There are also big differences on the question of guilt. It is “these ten who destroyed the faction,” emphasizes Jan Korte, referring to the Wagenknecht Group. Klaus Ernst also sees this very differently: “We all wished that it wouldn’t have come to this and we fought for this internally for a long time. But the party executive and other parts of the officials have made it clear to us again and again that they want us and ours “We no longer want to have positions in this party – so we left.” Alexander Ulrich says that at the latest with the Federal Executive Board’s decision in the summer that Sahra Wagenknecht should give back her Bundestag mandate, “the tablecloth was cut.”

New beginnings as an “opportunity”, as a “historical opportunity”
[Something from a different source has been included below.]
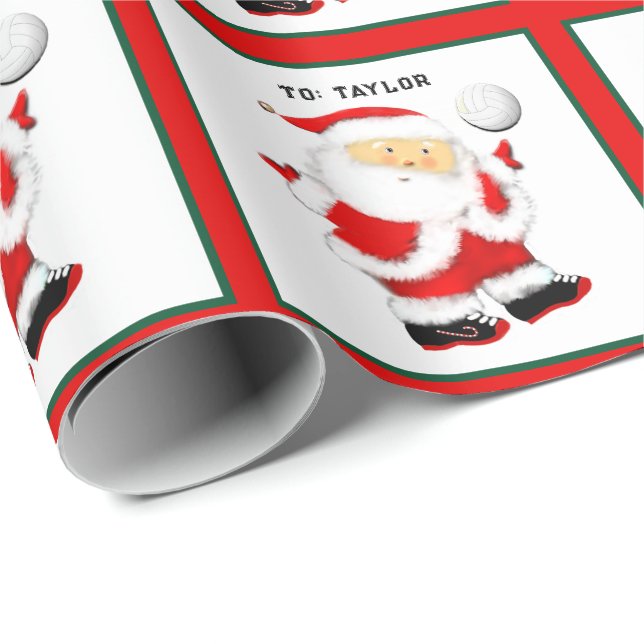 Personalised Volleyball Christmas Holiday Gift Wrapping Paper (Roll Corner)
The Left and the Wagenknecht Group at least agree that the separation also has positive aspects. “We have to see the dissolution of the parliamentary group as an opportunity to go into the future stronger and connected,” says Clara Bünger. “It is logical to go separate ways when it comes to political positions that can no longer be reconciled and that deviate from my understanding of left-wing politics.”

Sevim Dagdelen, Sahra Wagenknecht’s long-time confidante, even says that the founding of the Sahra Wagenknecht Alliance is “a historic opportunity to create a party that focuses on the actual concerns of the citizens.” In the Bundestag, the new group wants to represent “the interests of the majority of the population for economic reason, consistent peace policy and social justice” instead of “losing themselves in secondary issues like the left,” said Dagdelen.

You can already hear here that the bitter dispute that has been going on within the Left Party may not be completely over after all. In the future it could only be fought between two parties.